Two years ago, we were faced with a significant business challenge. On one side, 16 million new players were picking up the guitar [from all manufacturers, not just Fender], but on the other, our SAP landscape was ageing. We were due for a hardware refresh. So, I made the call to move SAP into the cloud. It was just something we had to do.

But for a global business that relied on SAP, the shift was both massive and fast, taking place over a single weekend in August 2021. Spandau recalls:

We knew we had a maximum three-day window to move our production system into the cloud. So, we knew we had to find a service provider that had that technical expertise. AWS suggested that we talked to [SAP managed services provider] Lemongrass. Right from the get-go, they demonstrated and convinced us that they had the deep technical knowledge.

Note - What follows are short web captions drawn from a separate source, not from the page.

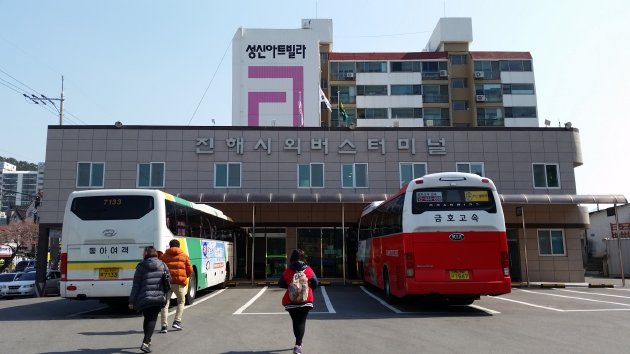 鎮海市外バスターミナルの外観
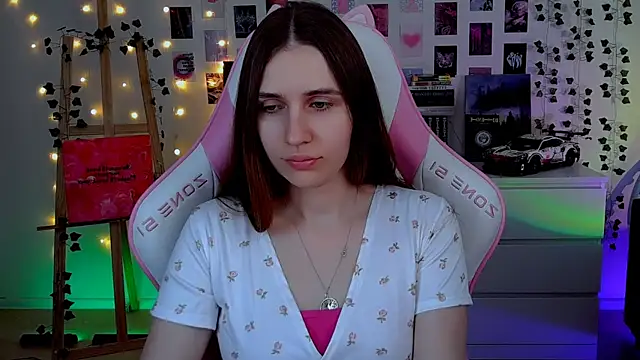 AliceCharmy online show from October 26, 2025, 5:41 am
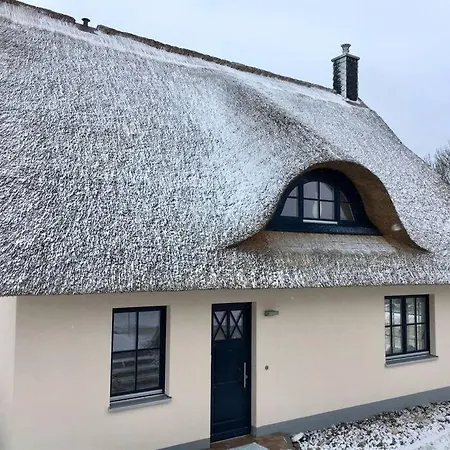 Stilvolles Reetdachhaus Coastline An Der Ostsee Holiday home *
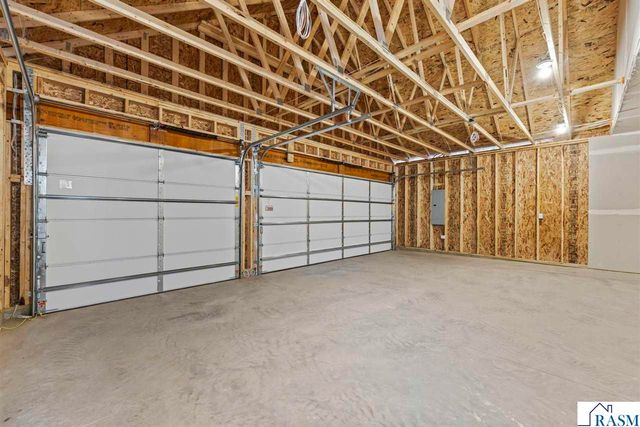 2257 Fairbanks Drive, North Mankato, MN 56003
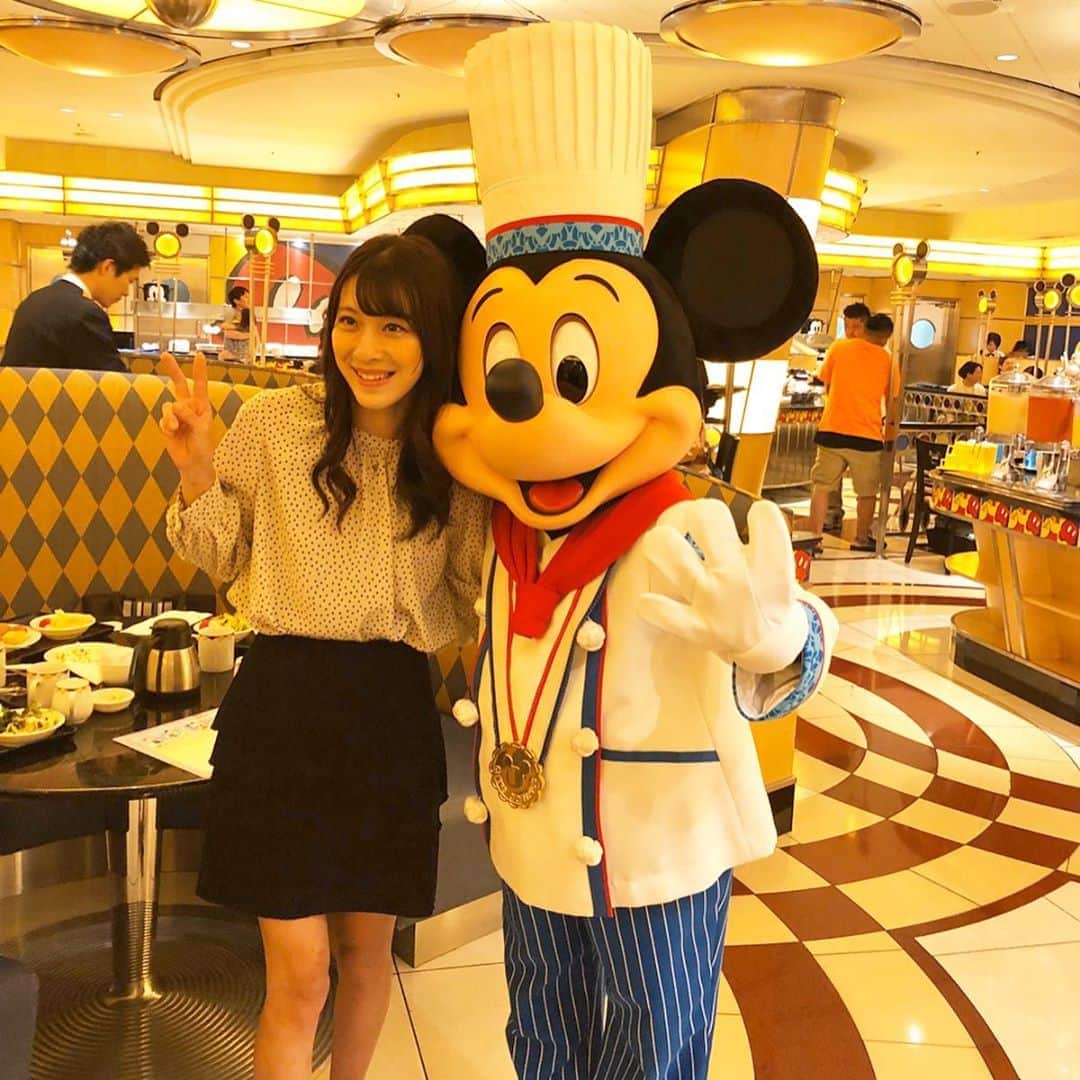 大田理裟のインスタグラム：「ディズニーアンバサダーホテルの﻿ シェフミッキー最高☺️☺️☺️💜﻿ ご飯食べてたらキャラクター達が﻿ テーブルに会いに来てくれた💕﻿ ホテルのいろんなところが﻿ ミッキーだらけで可愛かった(o^^o)🍀﻿ また行きたいな〜っ💓💓﻿ ﻿ #ディズニーアンバサダーホテル #アンバサダーホテル #ディズニー #disneysea #disney #chefmickey #disneyresort #ディズニーシー #シェフミッキー #東京ディズニーシー #ディズニーリゾート」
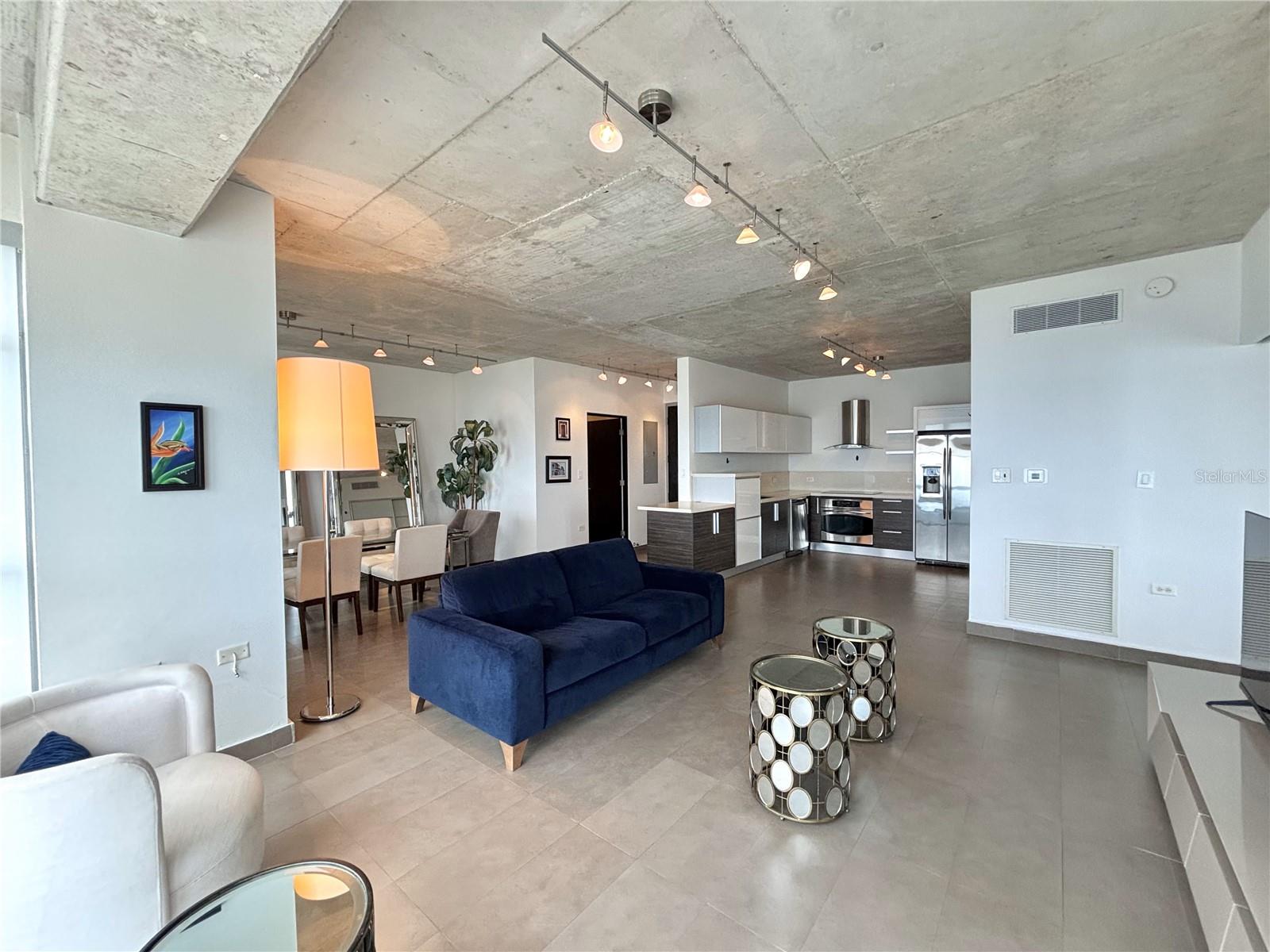 404 DE LA CONSTITUCION AVENUE AVE #1801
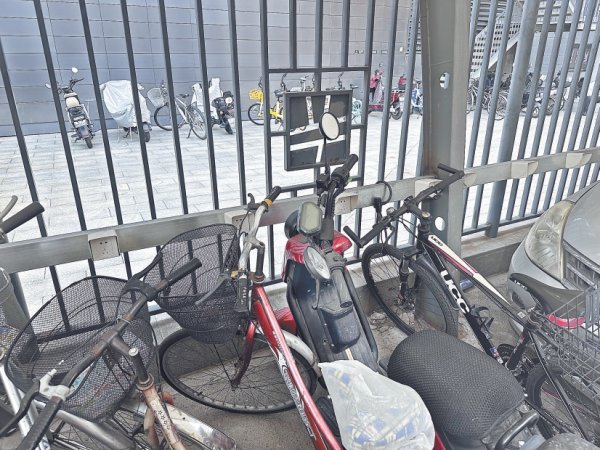 广瑞网 兴隆都市馨园小区：充电桩不少 可惜全没电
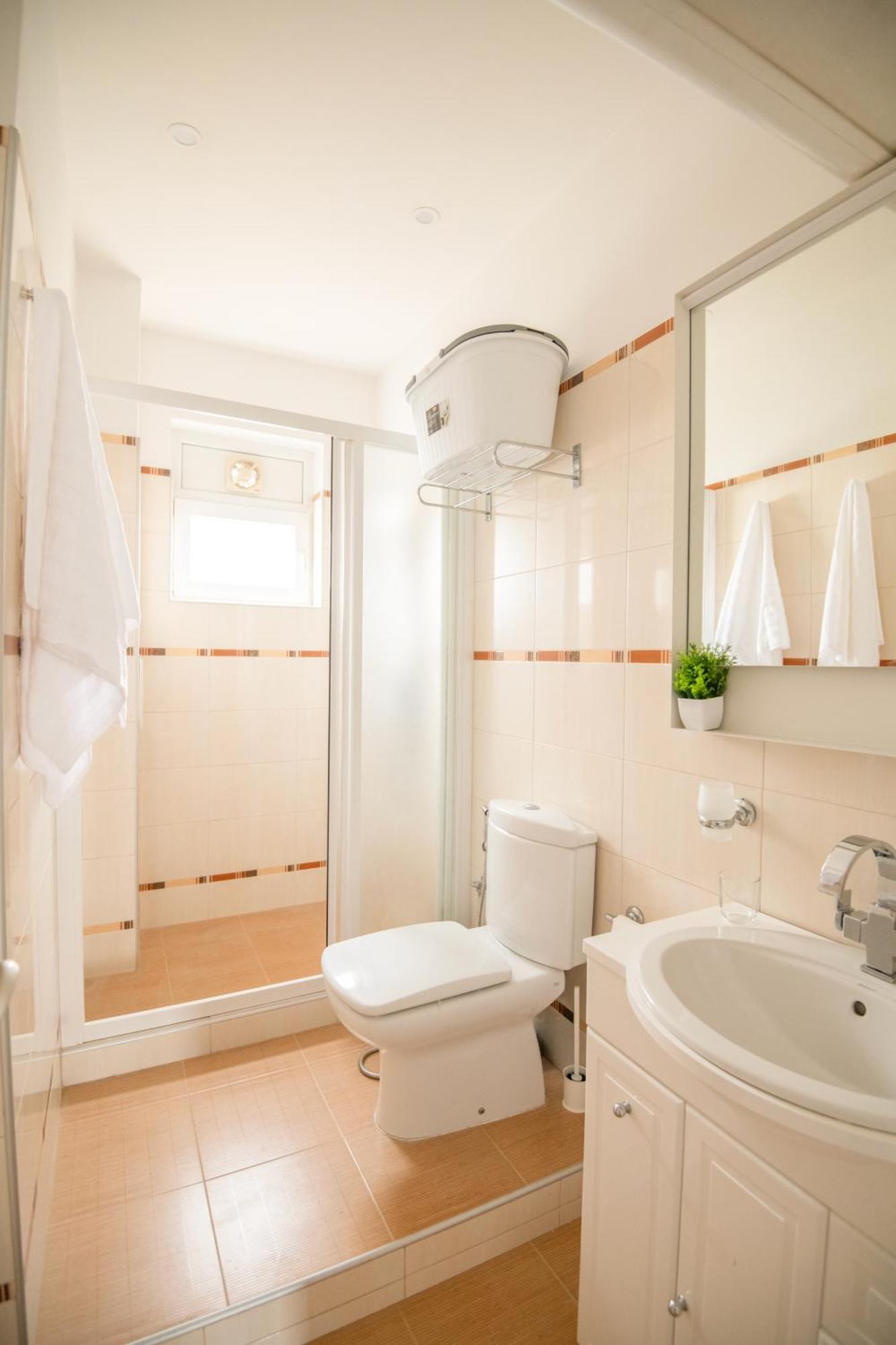 A Luxurious 2 Bedroom Apartment In Center Sofia Esterno foto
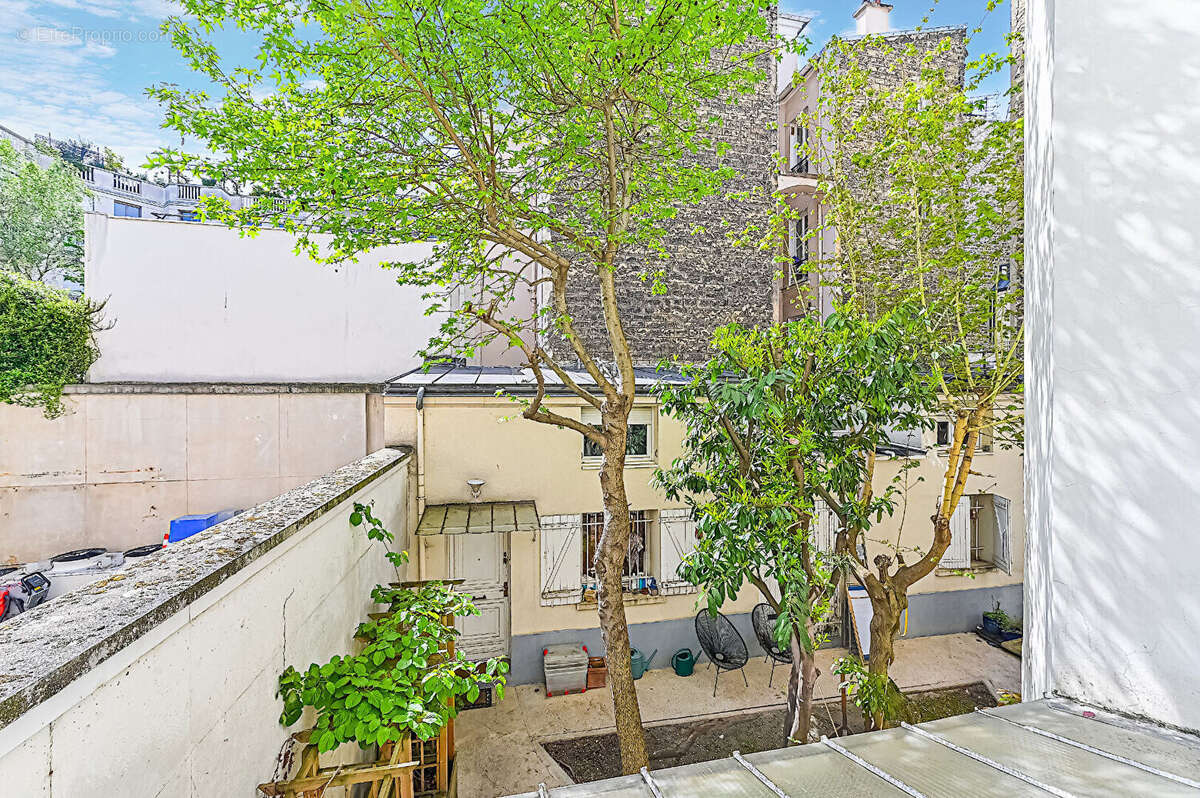 Appartement à LEVALLOIS-PERRET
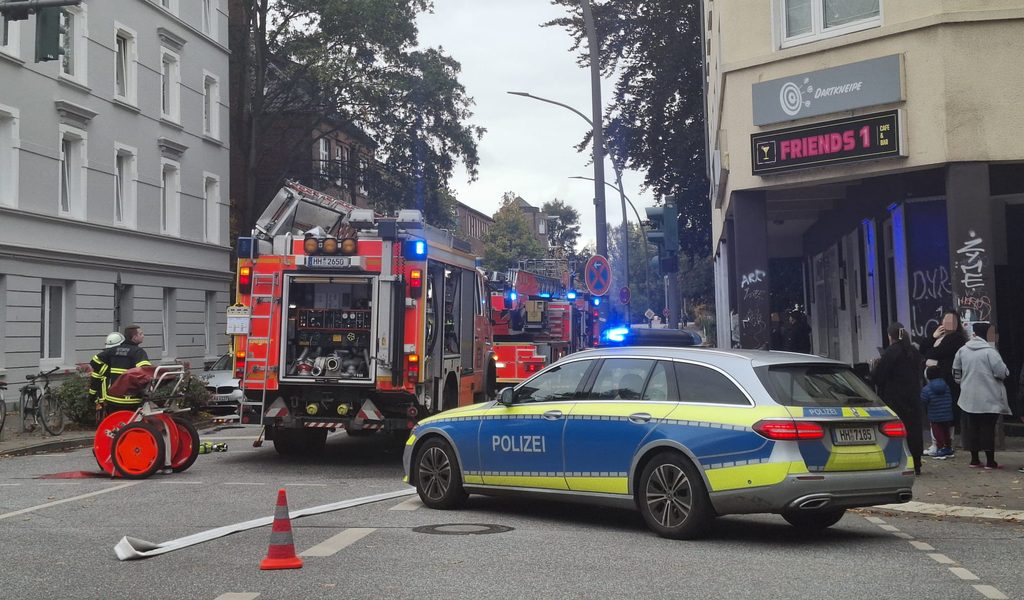 Feuer Hamburg: Wohnung brennt aus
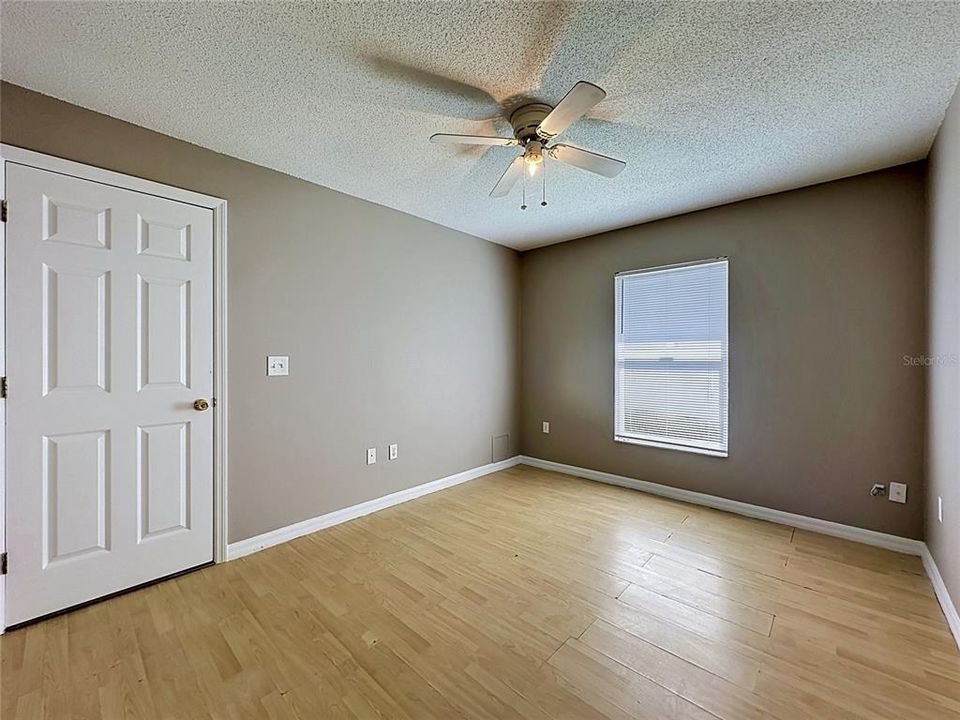For Sale: $320,000 (4 beds, 2 baths, 1776 Square Feet)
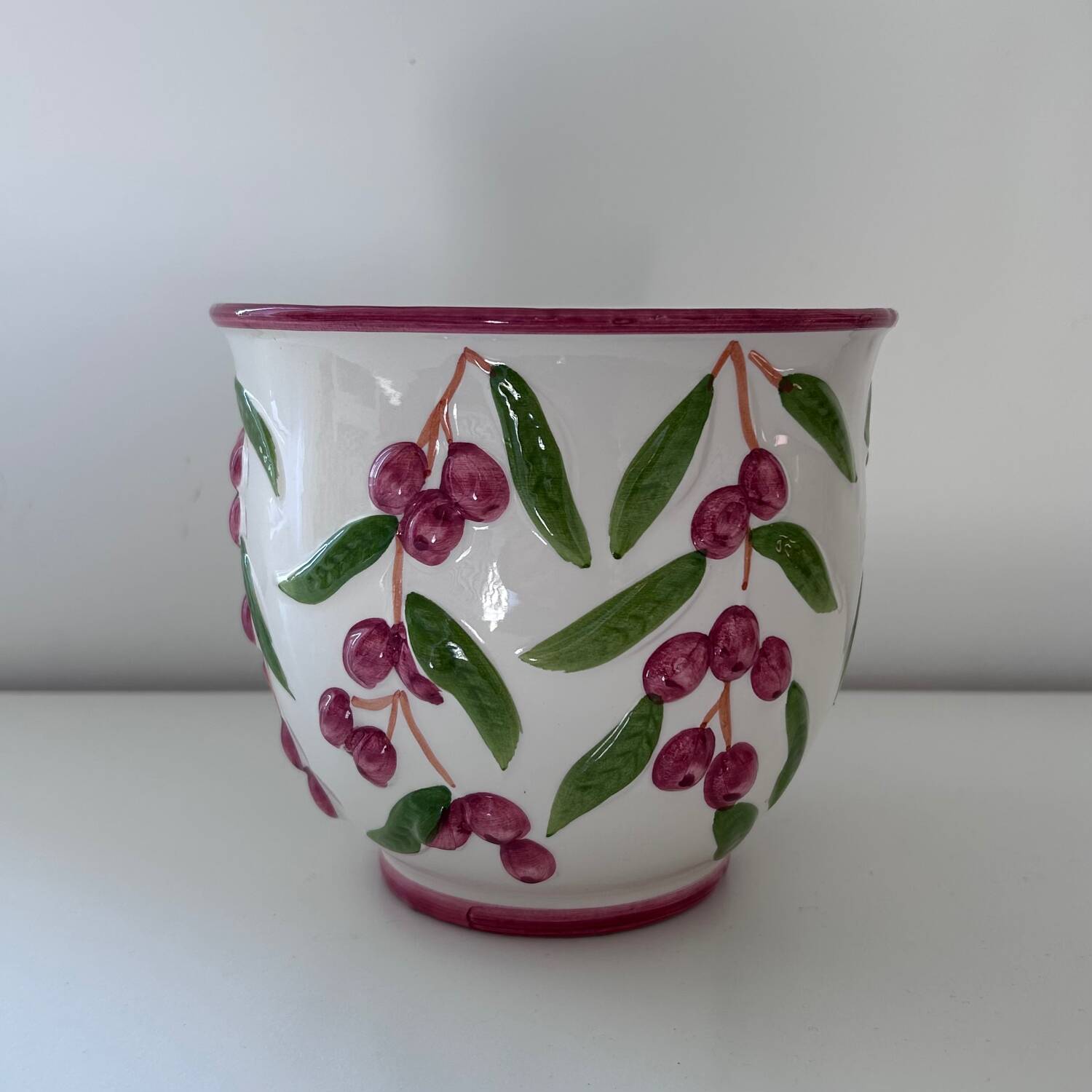 Decorative pot for cherries in earthenware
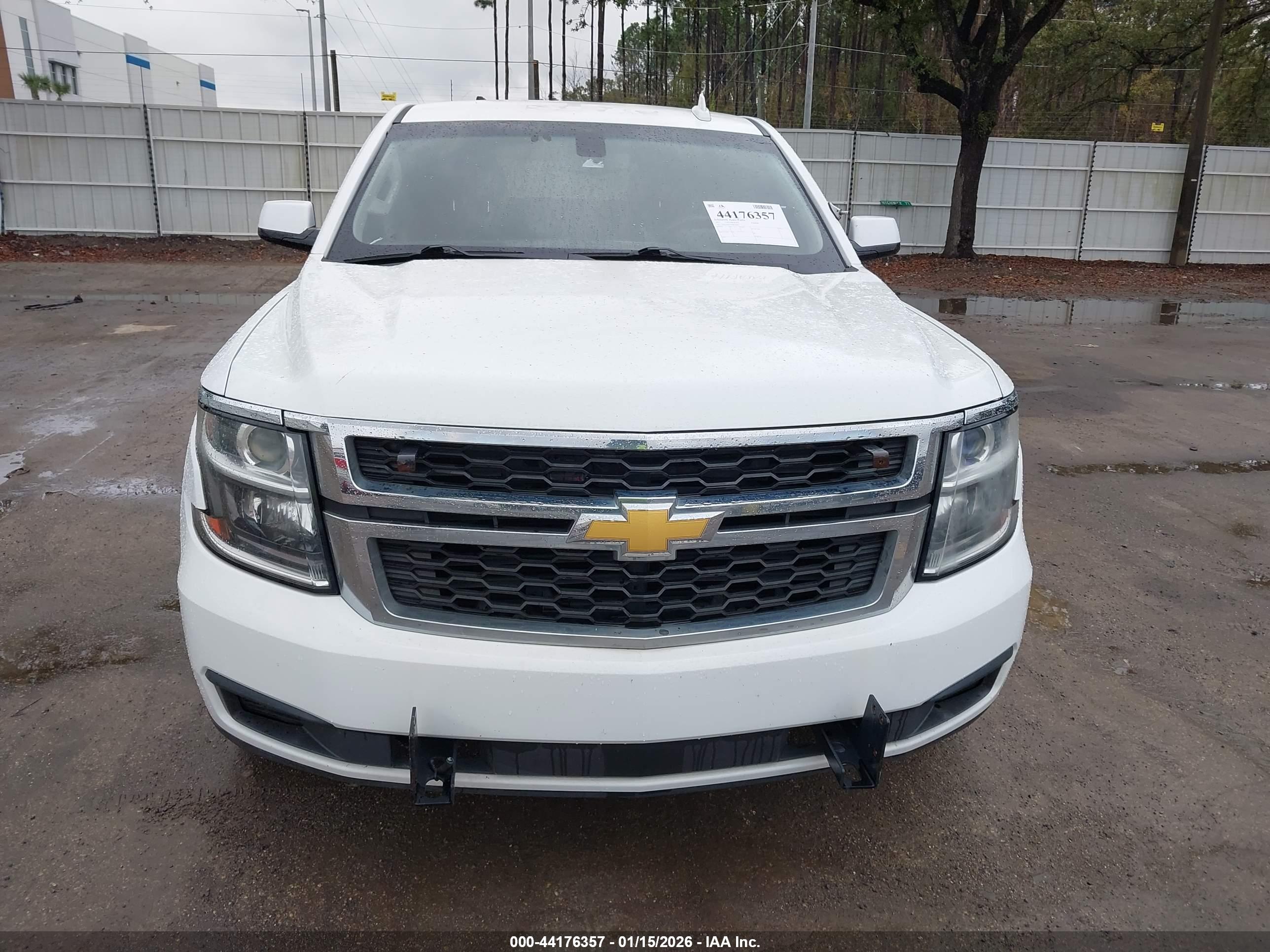 CHEVROLET TAHOE image 6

The migration included the data itself, moving to the HANA database on SAP, and also upgrading the SAP software. All of that in a three-day window over a weekend, a very complex migration. It had to be just three days, as the company was not able to manufacture while it was being conducted...Our challenge was finding an ICT company with the technical expertise. We had talked to quite a few, but I never felt that those companies had the skills to do it within the constraints that we have.”

Hitting the right chord

There have been tangible benefits been for this 75-year-old business, Spandau says:

We immediately saw improvements from a performance perspective – literally the first day after migration, certain batch jobs that used to run in several hours were now within minutes. And there was a significant uptick in performance on the reporting side. Drill-down functionality that in the past would take two or three minutes was now sub seconds, which had a significant impact on user efficiency and our ability to do context analysis.

Something else I appreciate is the ability to scale up and down. So, we conducted the migration on very large instances that AWS offers, because we wanted significant horsepower to support the migration. But once the migration was done, that additional horsepower wasn’t required anymore so we could just downsize the system. That's simple to do within the AWS environment, but very difficult with your own on-premises hardware.

There are still a few systems running on premises – a few production loads – but they too will be migrated over. As for other future plans, Spandau has several developments in mind: 

I'm looking forward to using AWS tools such as machine learning and artificial intelligence to analyse our SAP data sets. SAP is a rules-based engine and we do complex reporting out of it, so we look forward to applying machine learning algorithms to analyse our SAP data sets and get insights that we just don't get today.

Operational analysis, lead-time analysis – with the supply chain issues we and most manufacturers have had, such as the time it takes for containers to ship from Asia to Long Beach. It takes time and effort, but it can be done much more efficiently with machine learning tools.

Former Deloitte ERP specialist Spandau joined Fender in 2005, so has seen the highs and lows of a business that is not just about strings on elegant planks of wood, but also amps, effects pedals and, increasingly, apps, virtual instruments, and the interfaces, plugins, and digital audio workstations (DAWs) that musicians use to record their instruments onto laptops and mobile devices.

In November 2021, privately held Fender announced an agreement to merge with recording equipment maker PreSonus Audio Electronics Inc, subject to regulatory approval, a deal described as a Fender acquisition. Spandau says:

Since inception Fender has created tools to support artists. And the way we're advancing technologically, from our digital arm to the technology in our analog products, and the way the industry is evolving – especially during the pandemic – players are creating music differently. As well as plugging into an amp, they’re also plugging into an interface, using virtual amps and effects.

We want to support the people who are creating and recording music, so we envisage this as a continuation of a seamless ecosystem. We are supporting an extra lineage in music creation.

He concludes: 

Leo Fender once said that all artists are angels, and it was his job to give them wings to fly. We are just continuing that vision.